◆ What is being asked: Give back the whole listing verbatim, printing none of its pictures.
[Start of Attachment]
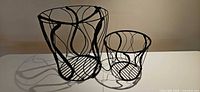 Both black metal wire baskets side by side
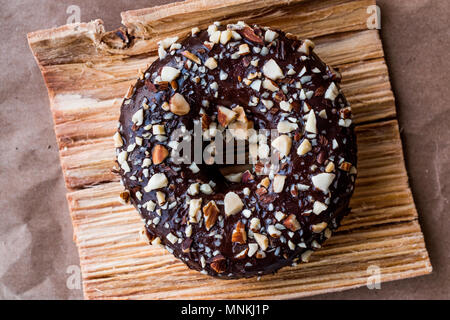Schokolade Donut mit gewürfelten Haselnuss Stücke. Dessert Konzept. Stockfoto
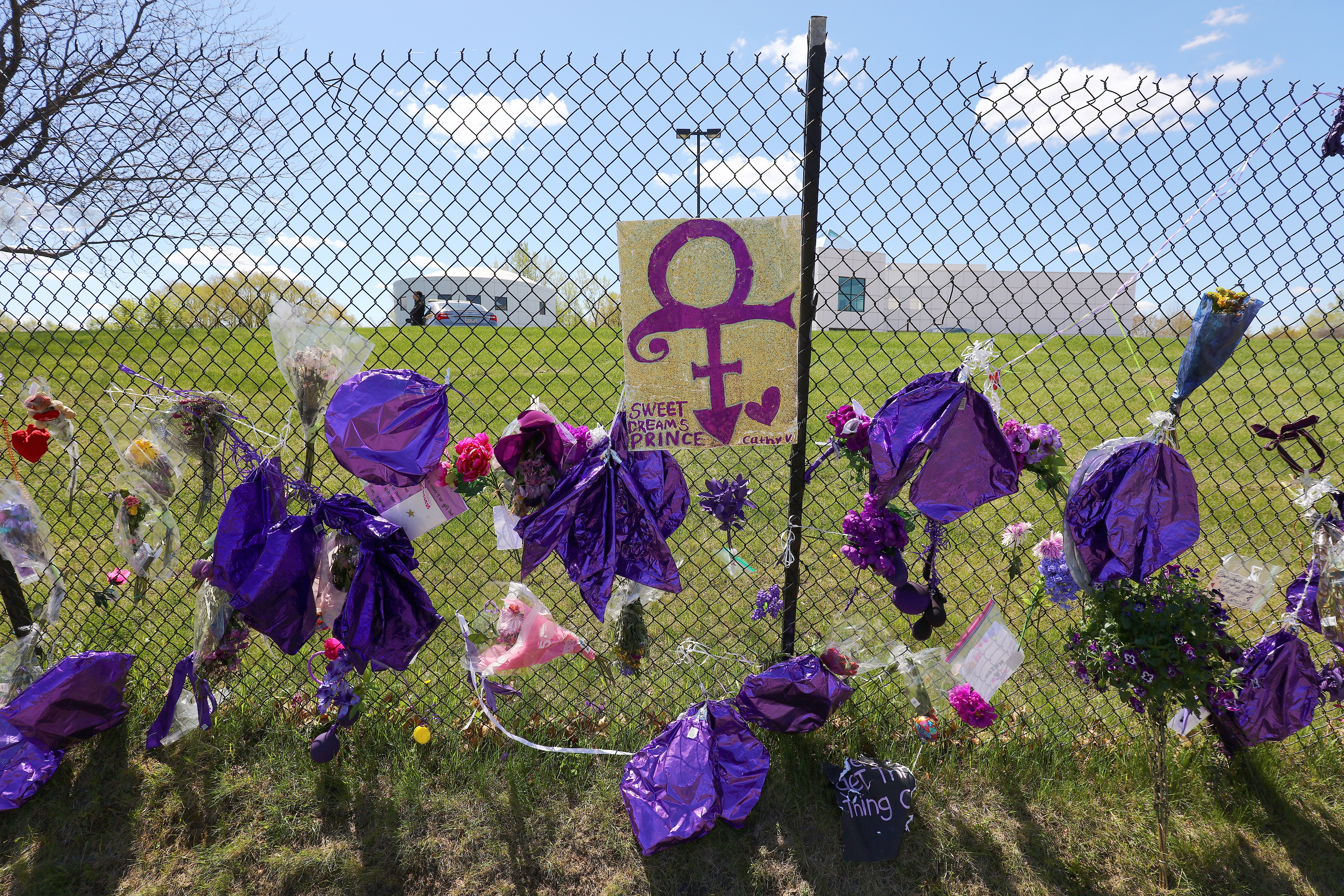 Tributes and memorials dedicated to Prince on the fence that surrounds Paisley Park on May 2, 2016 in Chaska, Minnesota. (Adam Bettcher&mdash;Getty Images)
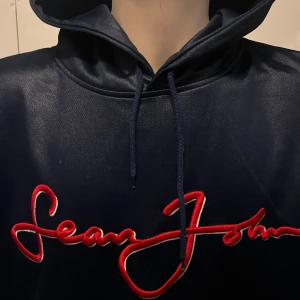 Mörkblå hoodie från Sean John - Säljer en snygg mörkblå hoodie från Sean John med röd broderad logga på framsidan. Tröjan har en klassisk känguruficka och ribbade muddar med röd och vit detalj vid ärmslut och nederkant. Perfekt för en avslappnad stil.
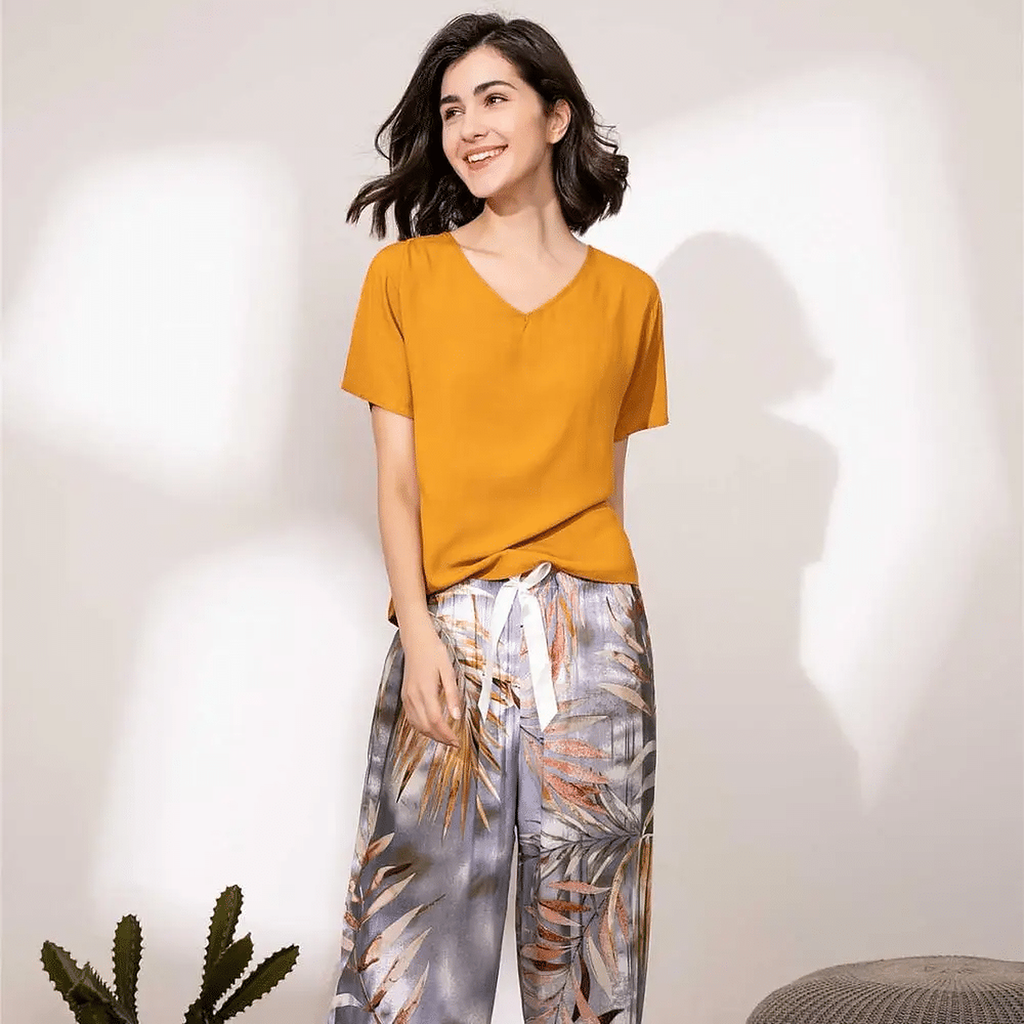 Pyjama femme, haut safran et pantalon large palmes grises, debout de trois quarts, le regard de côté.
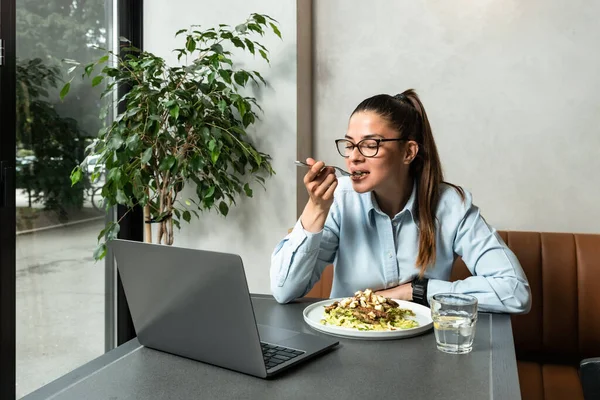 Young successful happy business woman on her lunch break takes the opportunity to have a video call with her boyfriend who works in another company. Online dating and flirting on the internet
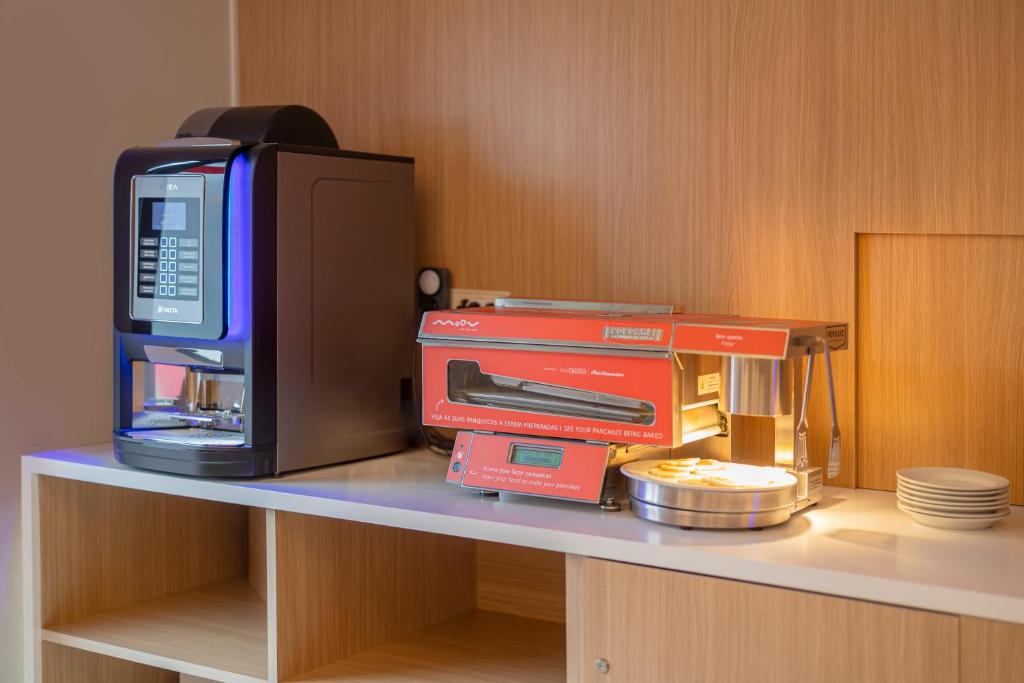 Kuchyň nebo kuchyňský kout v ubytování Moov Hotel Porto Norte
[End of Attachment]
◆ Solution to the exercise:
 Both black metal wire baskets side by side
Schokolade Donut mit gewürfelten Haselnuss Stücke. Dessert Konzept. Stockfoto
 Tributes and memorials dedicated to Prince on the fence that surrounds Paisley Park on May 2, 2016 in Chaska, Minnesota. (Adam Bettcher&mdash;Getty Images)
 Mörkblå hoodie från Sean John - Säljer en snygg mörkblå hoodie från Sean John med röd broderad logga på framsidan. Tröjan har en klassisk känguruficka och ribbade muddar med röd och vit detalj vid ärmslut och nederkant. Perfekt för en avslappnad stil.
 Pyjama femme, haut safran et pantalon large palmes grises, debout de trois quarts, le regard de côté.
 Young successful happy business woman on her lunch break takes the opportunity to have a video call with her boyfriend who works in another company. Online dating and flirting on the internet
 Kuchyň nebo kuchyňský kout v ubytování Moov Hotel Porto Norte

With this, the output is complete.